## What the task requires
Everything from the line with "Just to keep" to the end of the entries should be set down exactly, except the pictures.

## Listed records
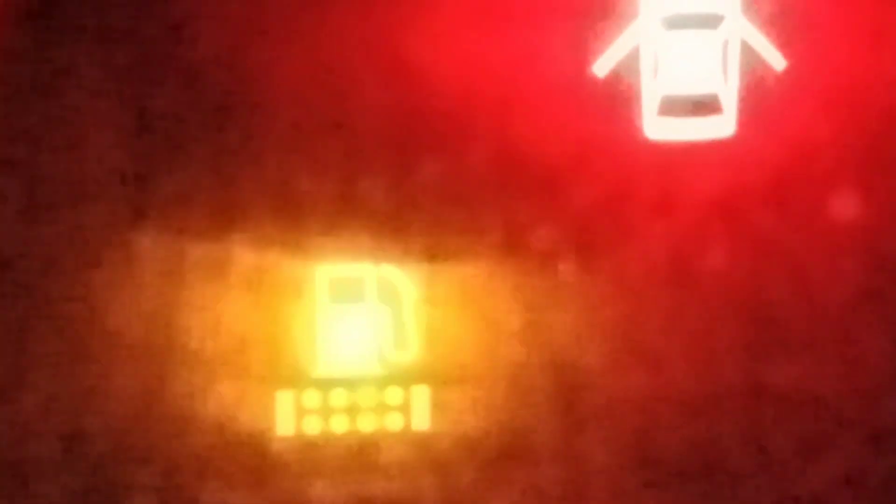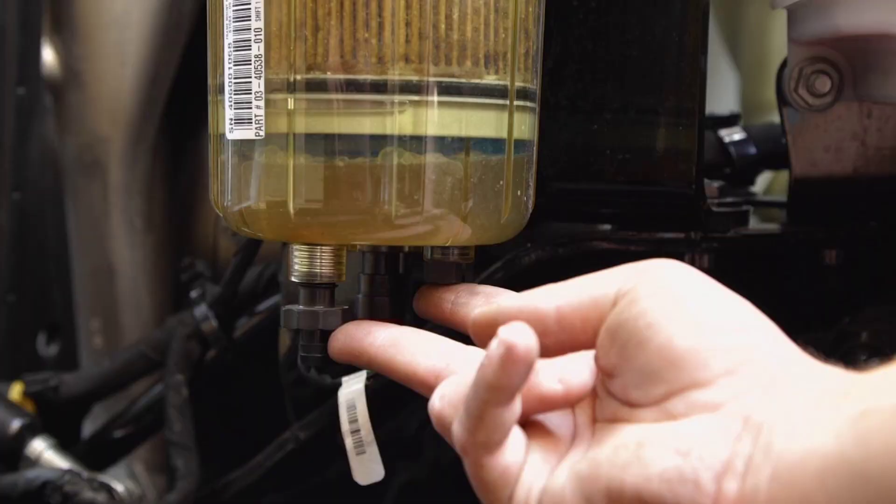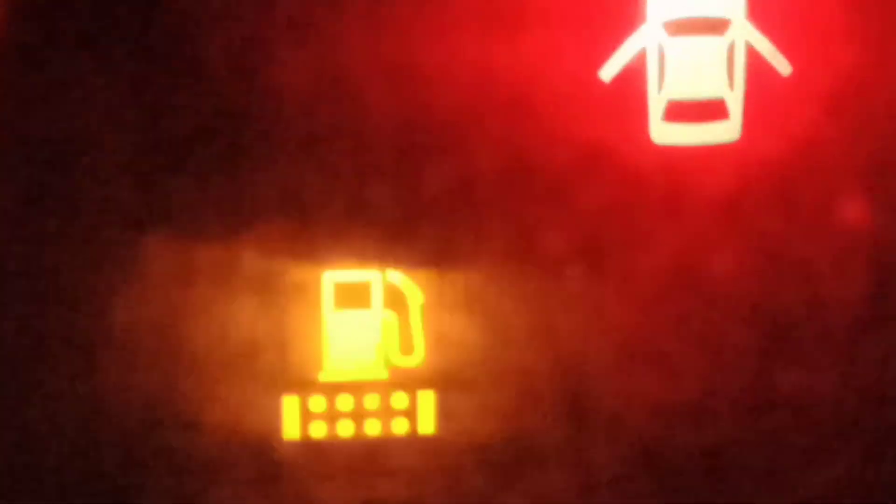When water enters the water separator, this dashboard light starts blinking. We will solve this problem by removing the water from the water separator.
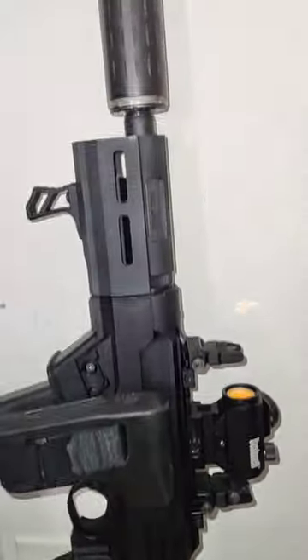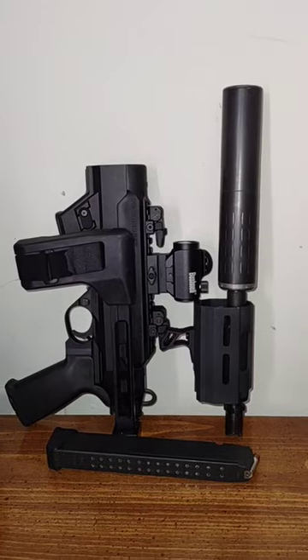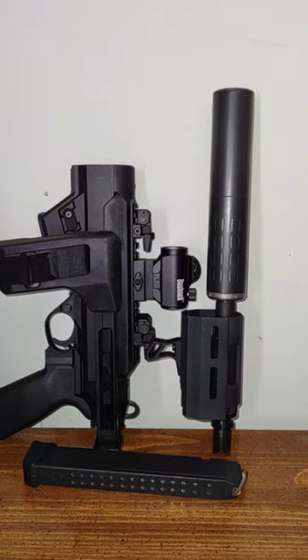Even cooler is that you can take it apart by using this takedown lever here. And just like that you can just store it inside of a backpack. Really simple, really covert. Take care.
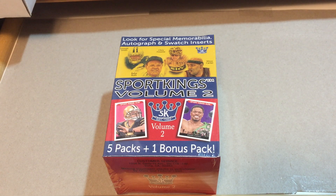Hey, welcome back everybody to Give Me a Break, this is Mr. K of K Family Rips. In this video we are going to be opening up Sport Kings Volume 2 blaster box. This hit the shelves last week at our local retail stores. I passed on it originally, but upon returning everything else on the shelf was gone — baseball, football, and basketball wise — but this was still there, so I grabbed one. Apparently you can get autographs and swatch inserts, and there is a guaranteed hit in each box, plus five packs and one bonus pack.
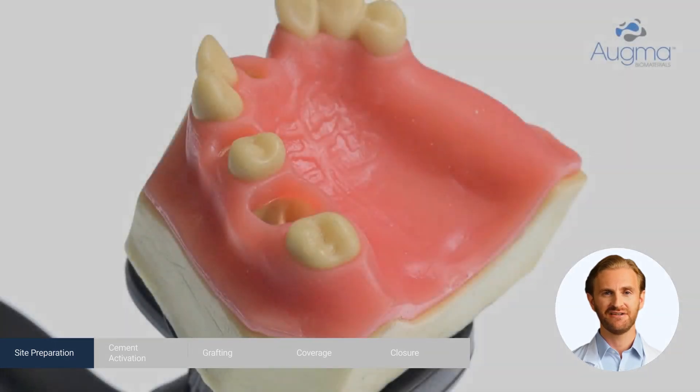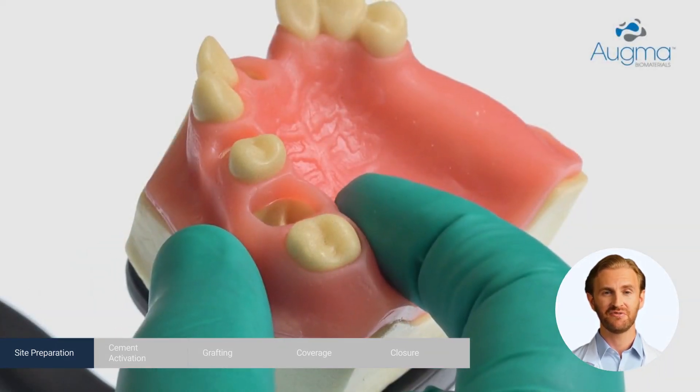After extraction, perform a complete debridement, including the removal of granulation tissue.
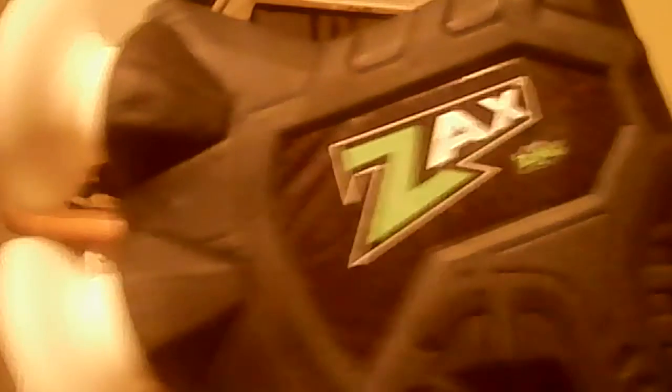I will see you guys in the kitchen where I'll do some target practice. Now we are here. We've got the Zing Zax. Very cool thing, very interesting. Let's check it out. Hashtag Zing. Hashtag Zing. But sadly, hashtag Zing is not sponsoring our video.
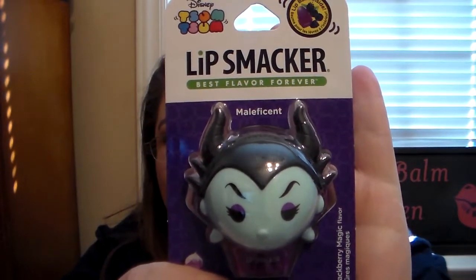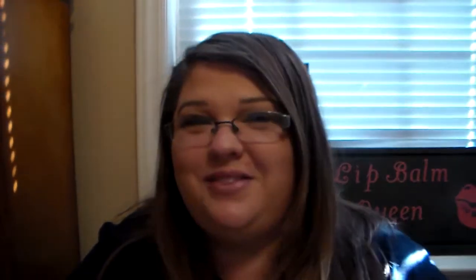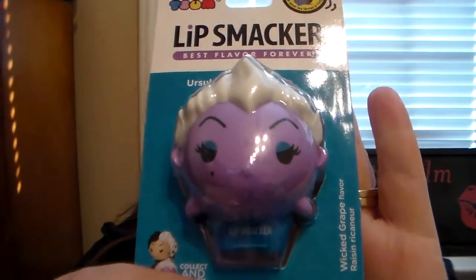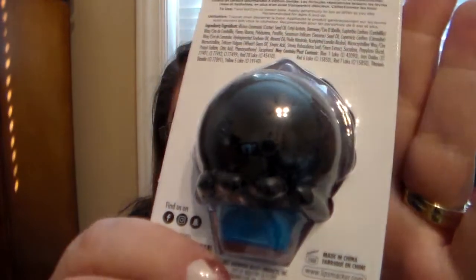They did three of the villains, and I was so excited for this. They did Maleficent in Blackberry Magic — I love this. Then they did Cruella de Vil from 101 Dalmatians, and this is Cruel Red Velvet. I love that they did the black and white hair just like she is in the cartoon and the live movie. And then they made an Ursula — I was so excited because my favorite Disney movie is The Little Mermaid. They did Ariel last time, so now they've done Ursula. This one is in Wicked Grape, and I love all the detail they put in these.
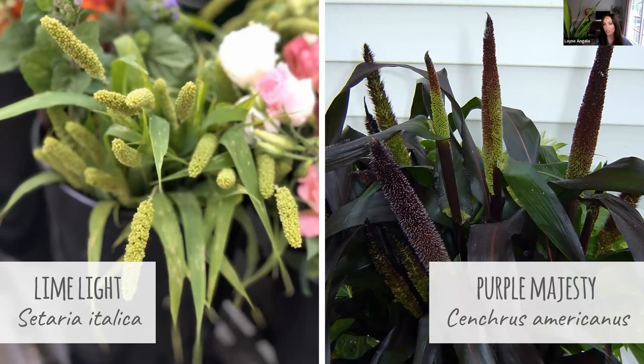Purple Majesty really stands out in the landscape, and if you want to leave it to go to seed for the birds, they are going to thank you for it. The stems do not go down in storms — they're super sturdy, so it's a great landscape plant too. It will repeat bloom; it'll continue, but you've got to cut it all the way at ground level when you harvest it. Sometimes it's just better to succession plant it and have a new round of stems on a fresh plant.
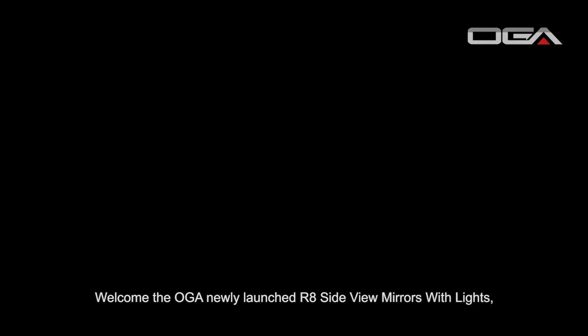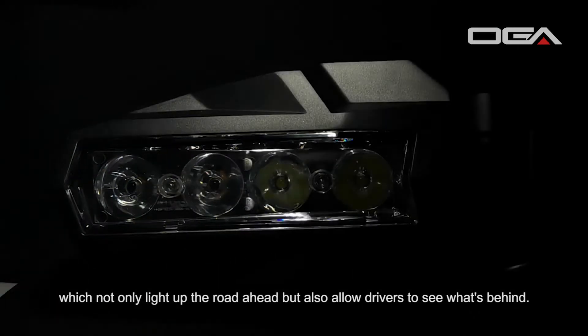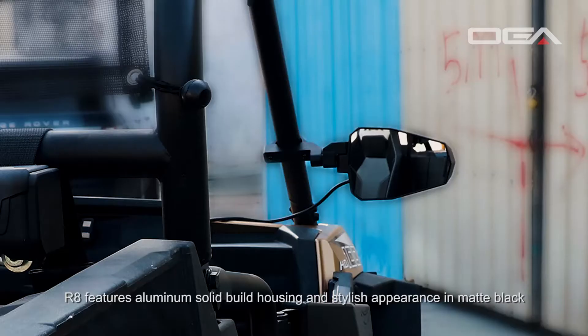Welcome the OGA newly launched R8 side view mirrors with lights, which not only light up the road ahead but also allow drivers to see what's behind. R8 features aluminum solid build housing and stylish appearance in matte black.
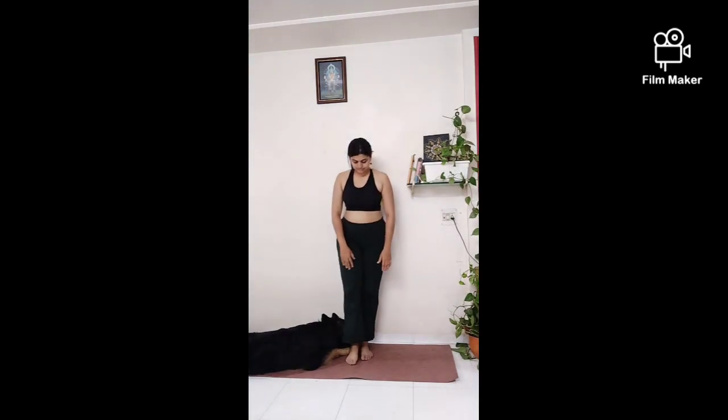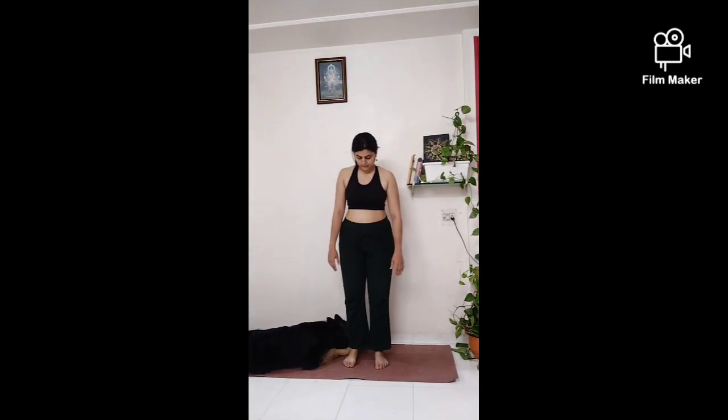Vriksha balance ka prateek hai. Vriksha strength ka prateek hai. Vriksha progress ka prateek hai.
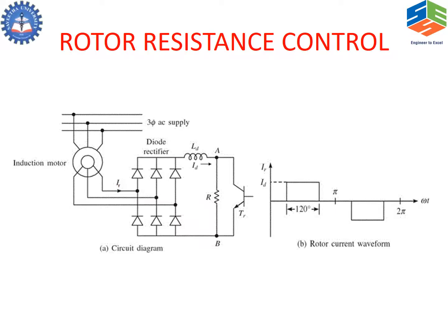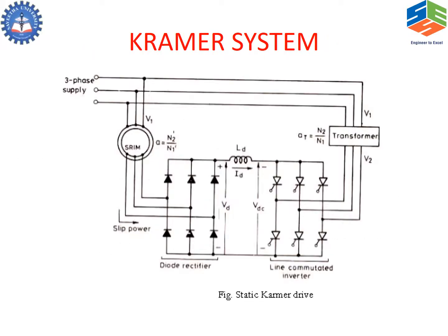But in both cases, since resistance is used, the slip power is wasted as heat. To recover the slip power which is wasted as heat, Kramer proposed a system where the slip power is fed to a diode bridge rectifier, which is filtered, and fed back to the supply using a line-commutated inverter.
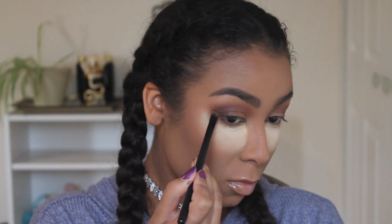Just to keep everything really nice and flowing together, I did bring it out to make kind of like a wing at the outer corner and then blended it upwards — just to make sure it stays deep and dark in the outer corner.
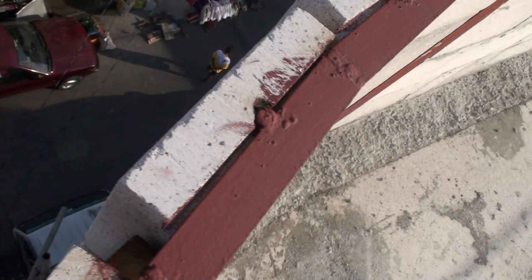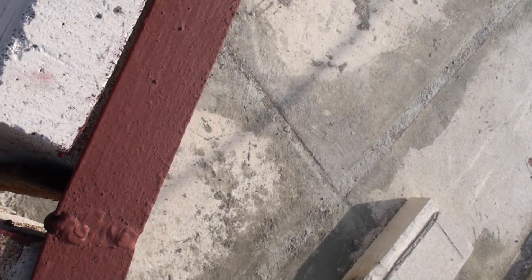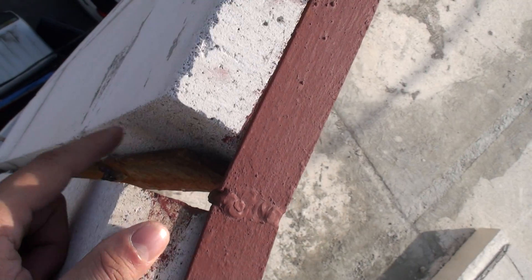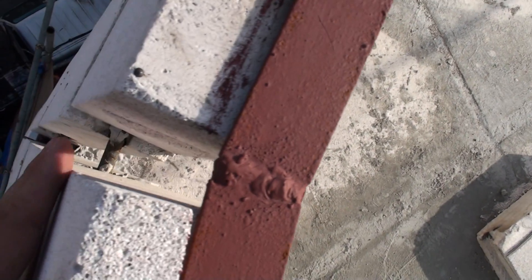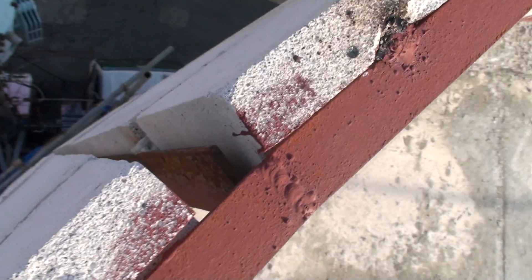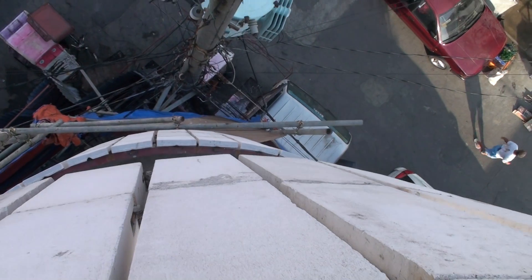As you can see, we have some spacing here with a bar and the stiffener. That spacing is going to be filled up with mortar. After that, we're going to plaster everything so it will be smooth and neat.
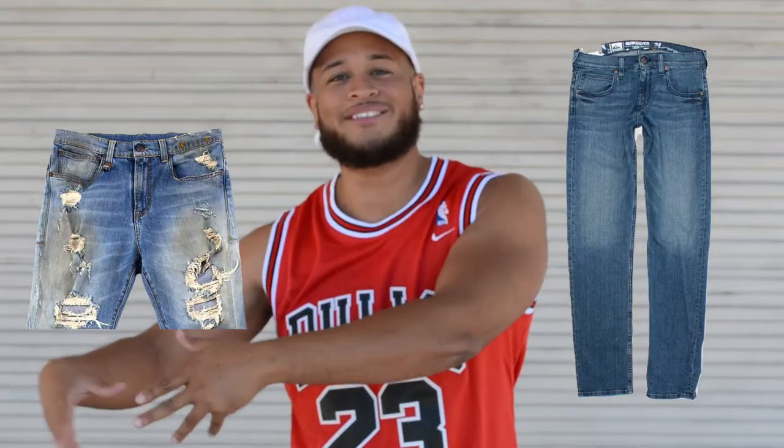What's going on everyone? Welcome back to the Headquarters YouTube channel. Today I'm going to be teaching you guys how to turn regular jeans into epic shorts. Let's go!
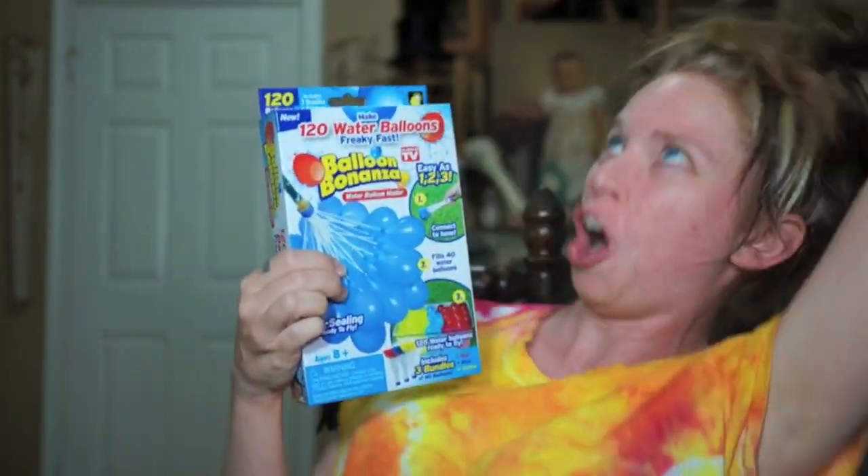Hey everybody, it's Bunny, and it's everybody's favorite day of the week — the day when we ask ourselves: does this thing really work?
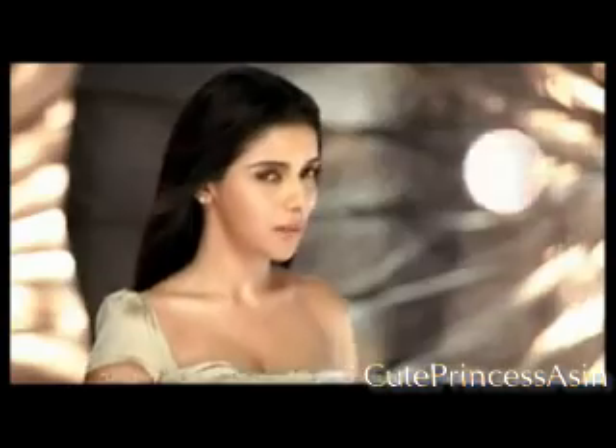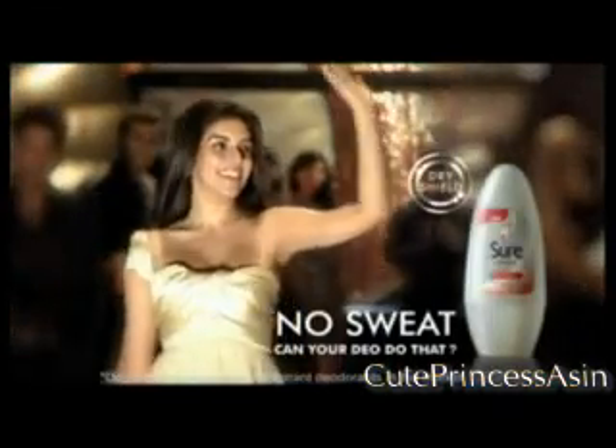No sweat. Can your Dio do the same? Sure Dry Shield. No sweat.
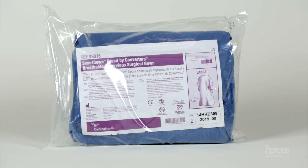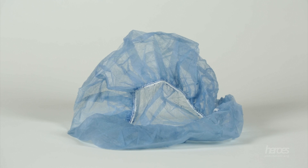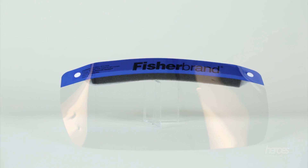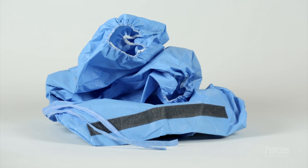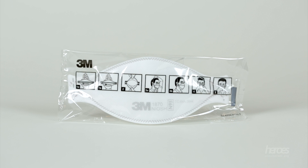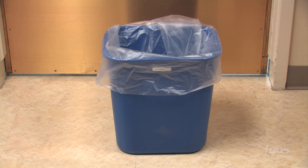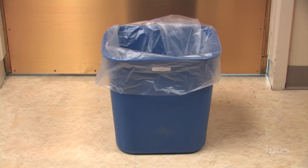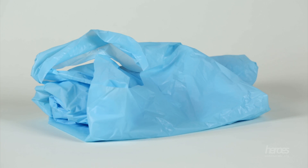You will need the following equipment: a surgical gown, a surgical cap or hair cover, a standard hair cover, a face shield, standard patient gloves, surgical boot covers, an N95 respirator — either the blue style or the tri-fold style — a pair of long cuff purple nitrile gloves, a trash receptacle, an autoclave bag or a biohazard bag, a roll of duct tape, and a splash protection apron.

## Written response
Just to keep everything really nice and flowing together, I did bring it out to make kind of like a wing at the outer corner and then blended it upwards — just to make sure it stays deep and dark in the outer corner.
As you can see, we have some spacing here with a bar and the stiffener. That spacing is going to be filled up with mortar. After that, we're going to plaster everything so it will be smooth and neat.
What's going on everyone? Welcome back to the Headquarters YouTube channel. Today I'm going to be teaching you guys how to turn regular jeans into epic shorts. Let's go!
Hey everybody, it's Bunny, and it's everybody's favorite day of the week — the day when we ask ourselves: does this thing really work?
No sweat. Can your Dio do the same? Sure Dry Shield. No sweat.
You will need the following equipment: a surgical gown, a surgical cap or hair cover, a standard hair cover, a face shield, standard patient gloves, surgical boot covers, an N95 respirator — either the blue style or the tri-fold style — a pair of long cuff purple nitrile gloves, a trash receptacle, an autoclave bag or a biohazard bag, a roll of duct tape, and a splash protection apron.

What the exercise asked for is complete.